October 1: At 2:00 am, TCM throws us to the lions beginning with Roar (1981), starring the mother-daughter team of Tippi Hedren and Melanie Griffith about an environmentalist’s estranged family visiting his home in Africa only to find it overrun with wild animals. At 3:45, it’s the animal classic Born Free (1965), the hit tearjerker about Elsa the lioness, with the husband and wife team of Virginia McKenna and Bill Travers, no strangers to animal-themed movies. 

PRE-CODE

October 3: Three in a row beginning at 6:00 am with John Gilbert and Renee Adoree in Redemption (1930); the Woody Van Dyke directed The Cuban Love Song (1931) at 7:15 with Lawrence Tibbett and Lupe Velez in a story of an ex-marine returning to Cuba to find the child he fathered; and at 8:45 the comedy, The Prodigal (1931) with Tibbett and Esther Ralston about a wealthy Southern boy who decides to take to the road as a hobo.

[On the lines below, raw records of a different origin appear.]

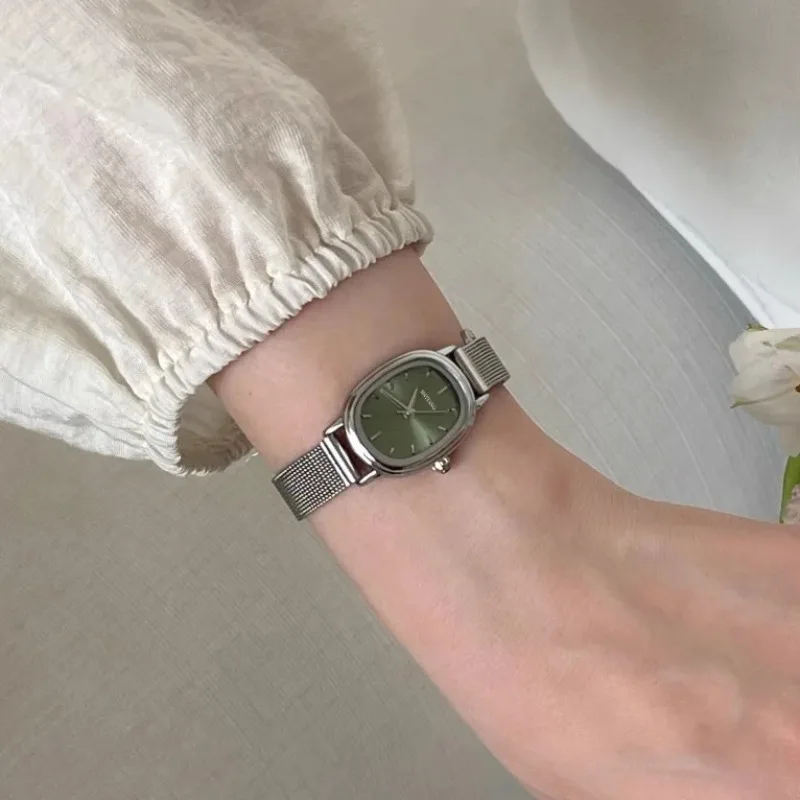 Minimalist Thin Watch - Mała owalna tarcza Zielony zegarek Proste
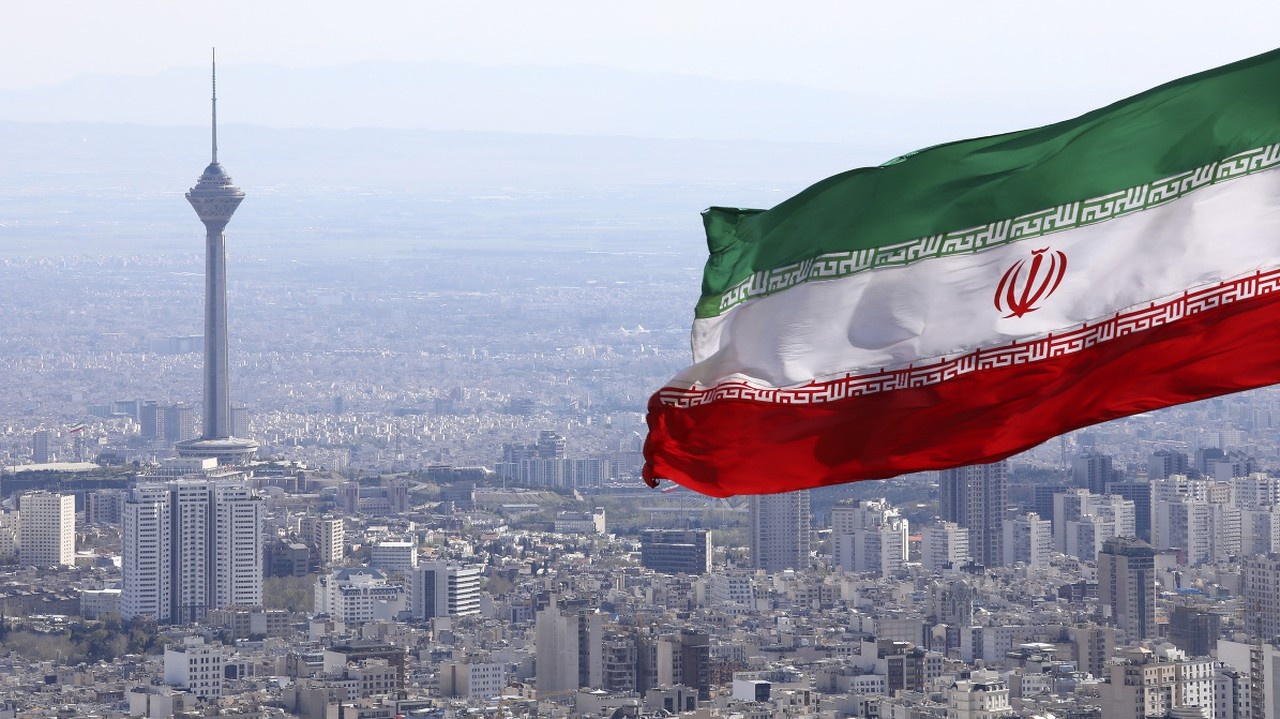 Irán má po 10 rokoch voľné ruky: Už môže nakupovať akékoľvek nevyhnutné  zbrane | Nový Čas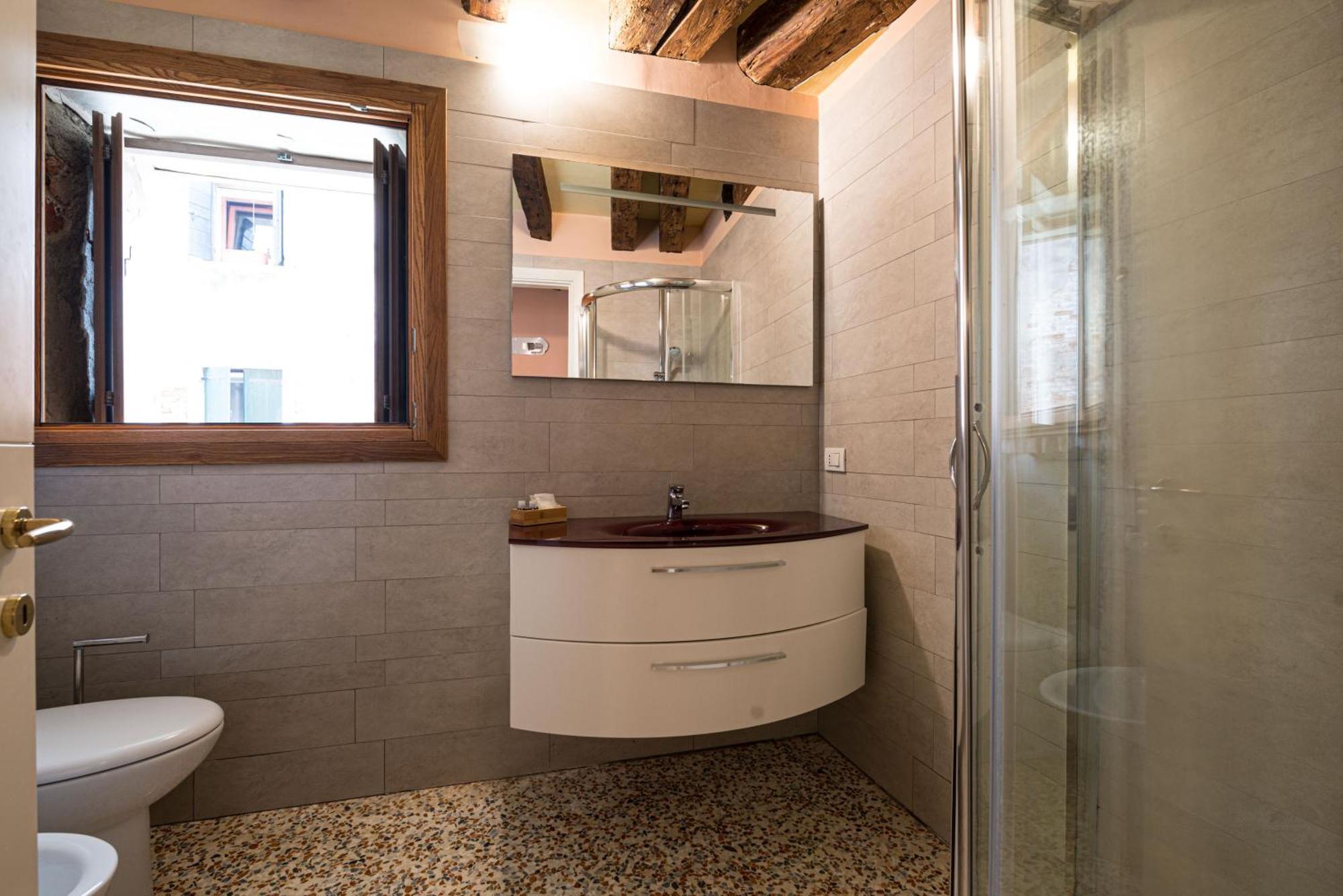 Apartment Lovely Flat With Canal View Near Rialto Bridge *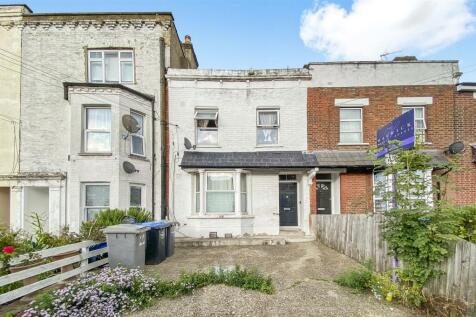 Exterior of building &amp; street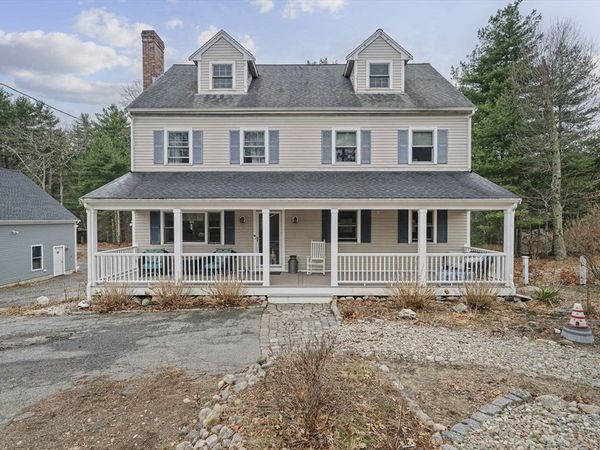 15 Rockland St, Hanover, MA 02339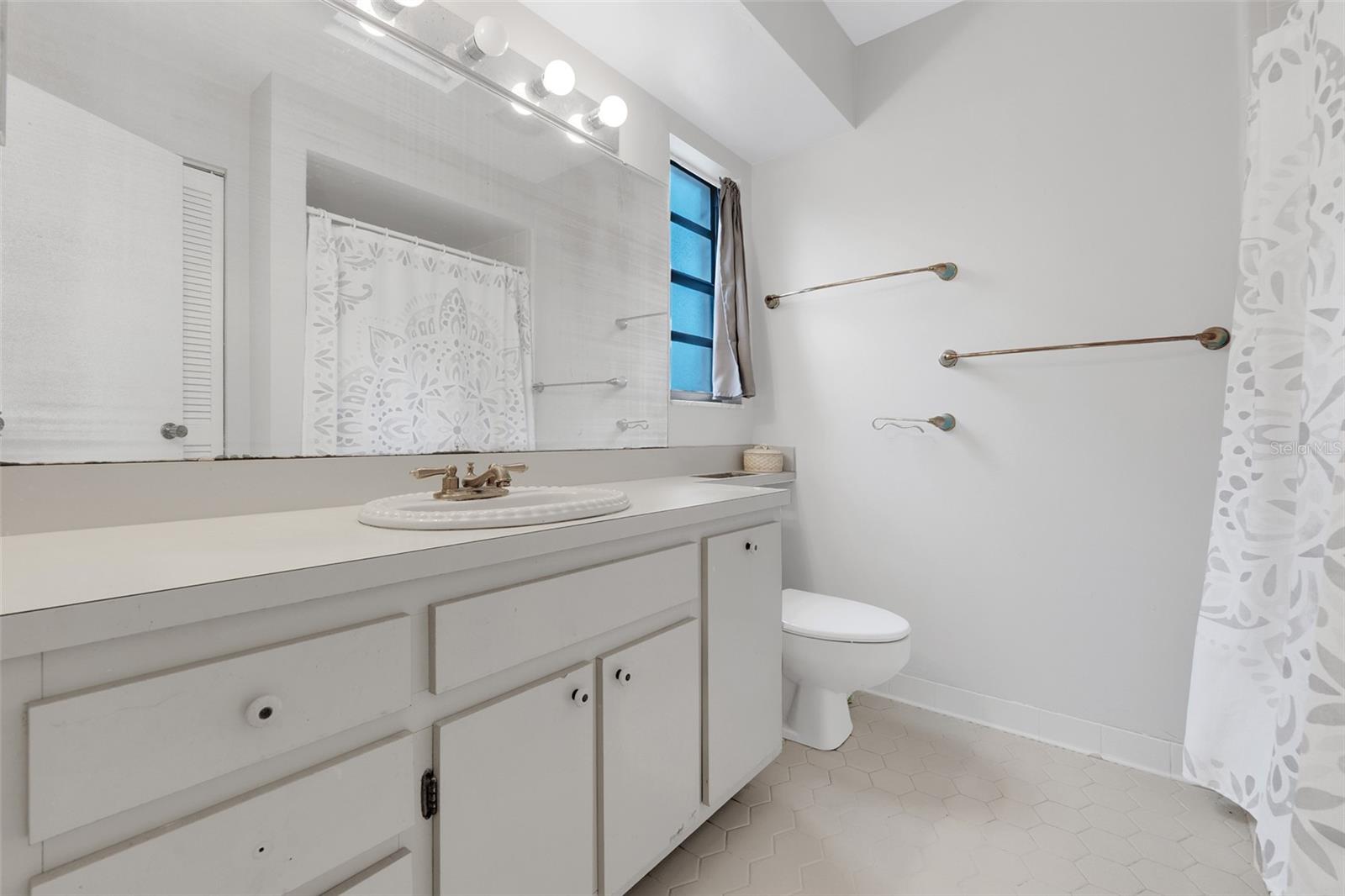 WEDGEWOOD TENNIS VILLAS - Residential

October 4: Four Buster Keaton movies, beginning at 7:30 am with the classic The Cameraman from 1928. Following is Spite Marriage (1929) at 9:00, Free and Easy (1930) at 10:30, and Parlor, Bedroom and Bath (1931) at 12:15 pm. It’s interesting to watch them in a row and witness MGM sucking the creative life out of one of the most brilliant comedians in the history of the movies.

October 14: Cheeky young race car driver William Haines zooms not into the winner’s circle in Speedway (1929) at 6:00 am while co-star Anita Page looks on adoringly.

THE B-HIVE

October 7: Spend the entire morning and afternoon with Dr. Kildare as TCM runs all the classic MGM films about there good doctor beginning with Young Dr. Kildare (1938) at 6:00 am. Read our essay about it here.


October 12: Philo Vance (Edmund Lowe) suspects there’s more than meets the eye when he investigates a mysterious series of suicides in 1936’s The Garden Murder Case from MGM. Virginia Bruce is along for the ride.